#### TASK BRIEF:
Take nothing but the lines from the one with "10Pcs Brass Flower" through the one with "FlowerKnow Unicorn Strawberry" in the entries below, both ends kept, and return them exactly with pictures left out.

#### MATERIAL PROVIDED:

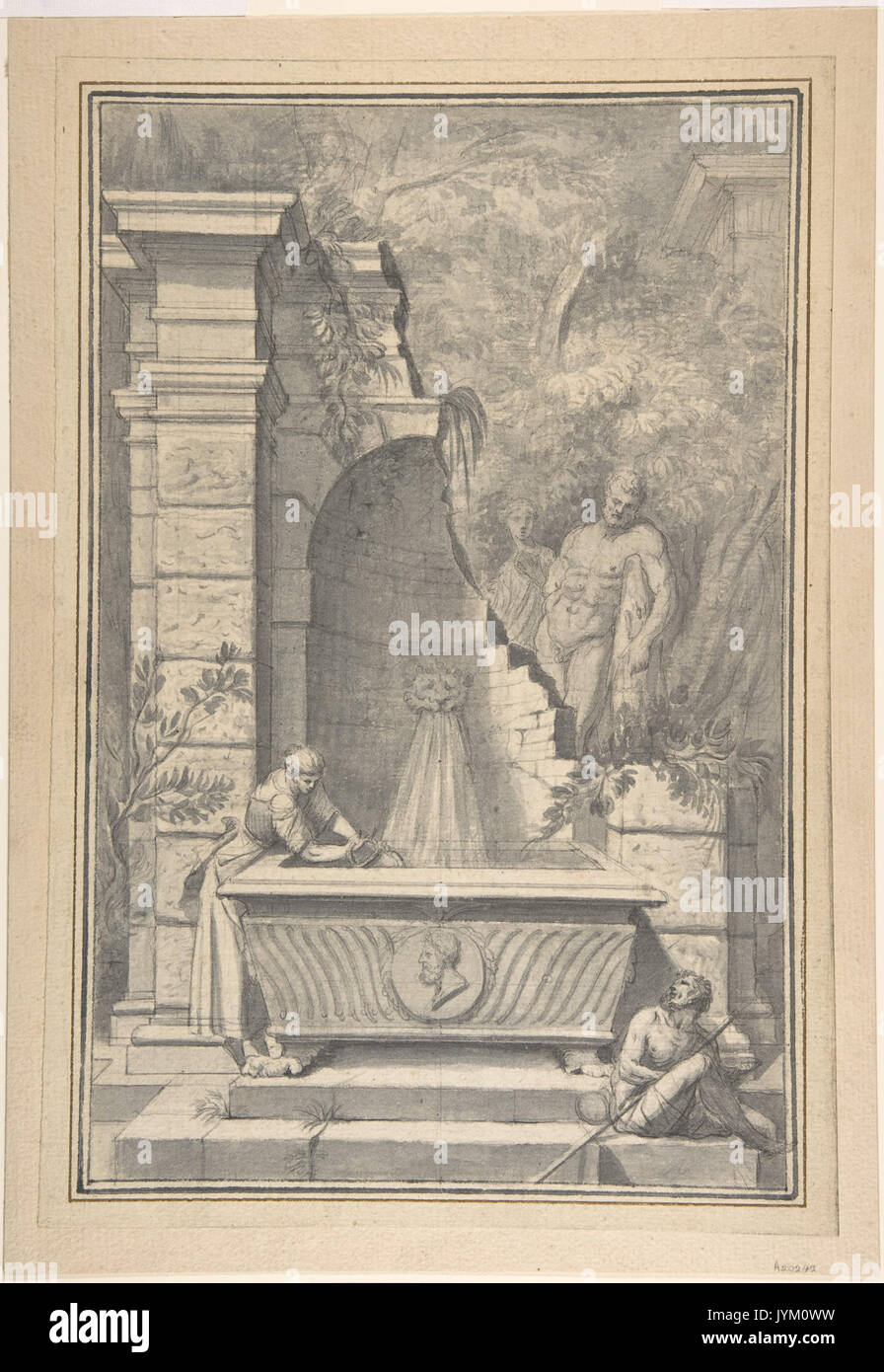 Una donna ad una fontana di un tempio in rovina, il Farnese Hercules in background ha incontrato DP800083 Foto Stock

==

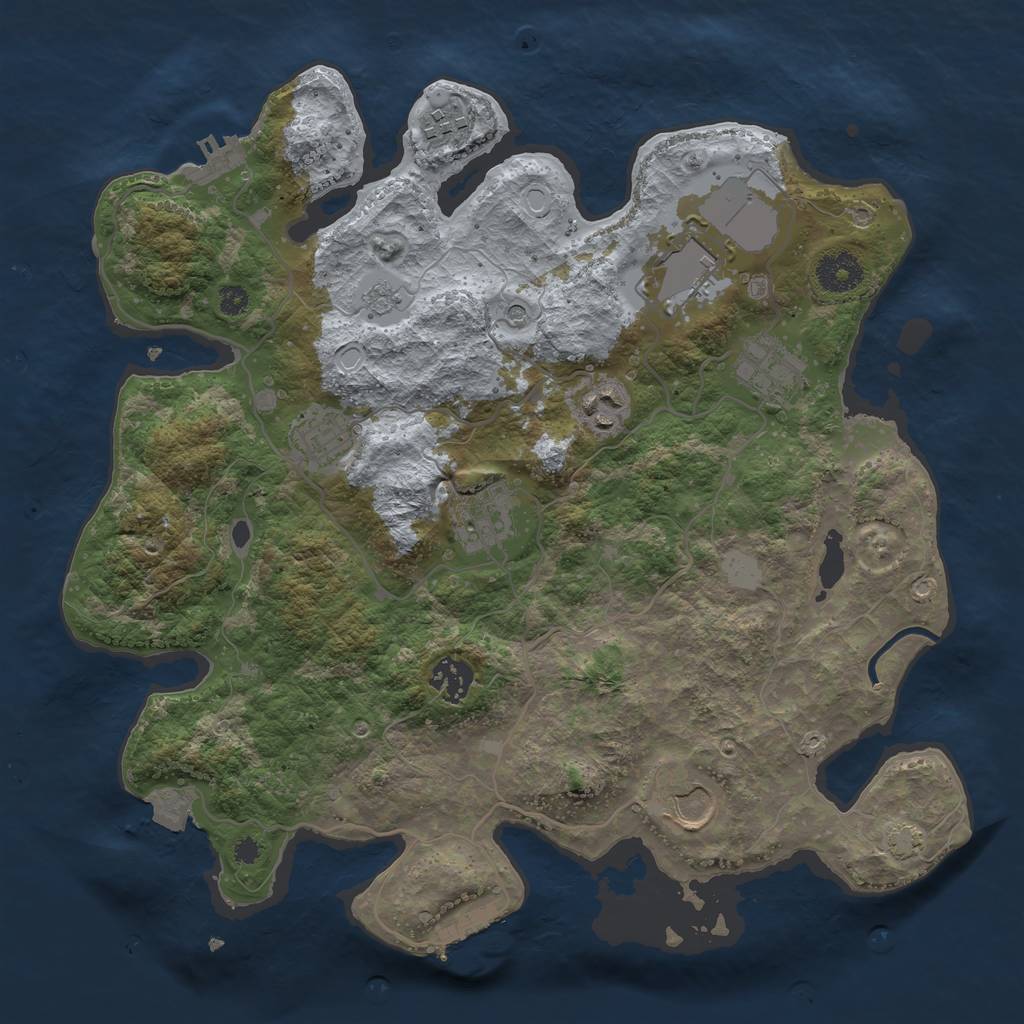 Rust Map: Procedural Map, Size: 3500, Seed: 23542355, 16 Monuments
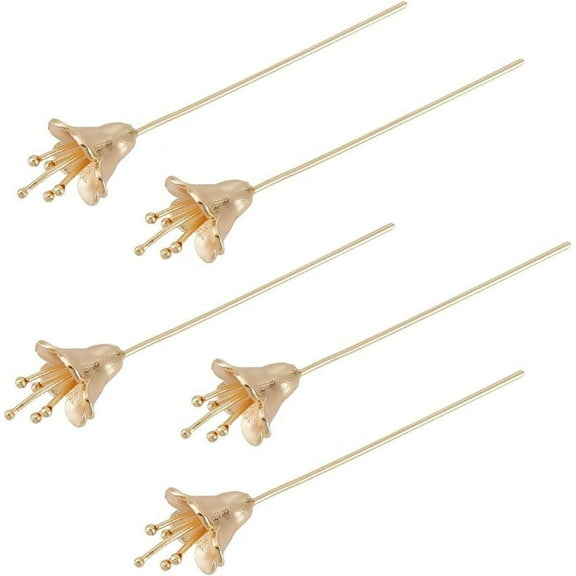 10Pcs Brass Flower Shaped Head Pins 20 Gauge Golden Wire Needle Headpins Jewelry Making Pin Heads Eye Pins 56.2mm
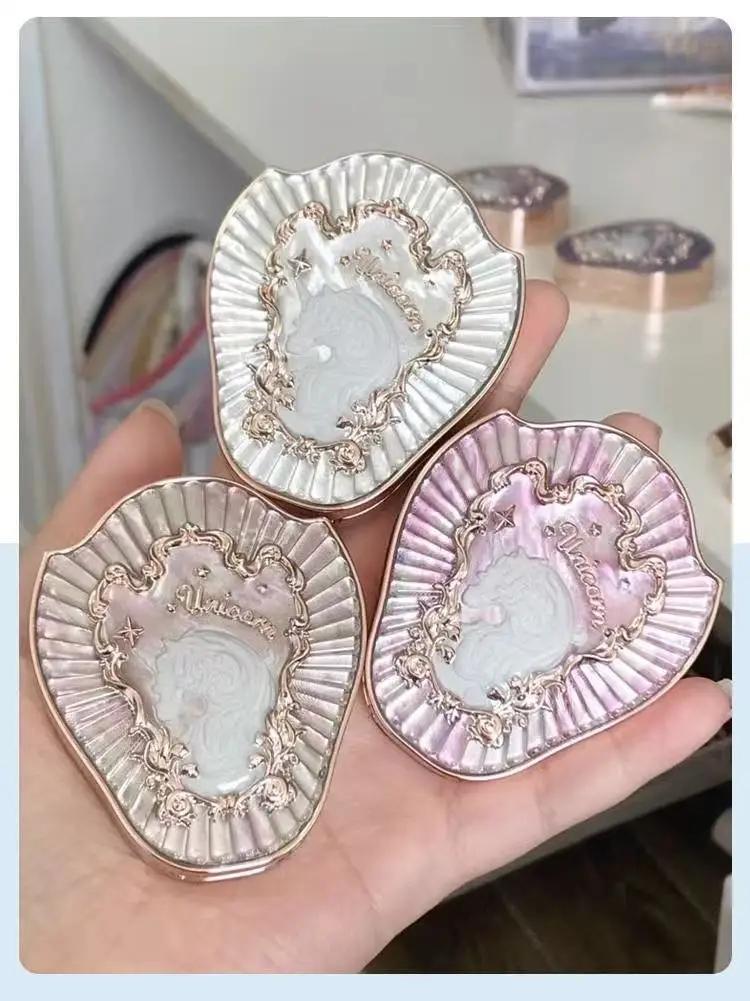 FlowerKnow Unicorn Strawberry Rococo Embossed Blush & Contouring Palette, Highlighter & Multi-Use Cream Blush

#### WORKED SOLUTION:
 10Pcs Brass Flower Shaped Head Pins 20 Gauge Golden Wire Needle Headpins Jewelry Making Pin Heads Eye Pins 56.2mm
 FlowerKnow Unicorn Strawberry Rococo Embossed Blush & Contouring Palette, Highlighter & Multi-Use Cream Blush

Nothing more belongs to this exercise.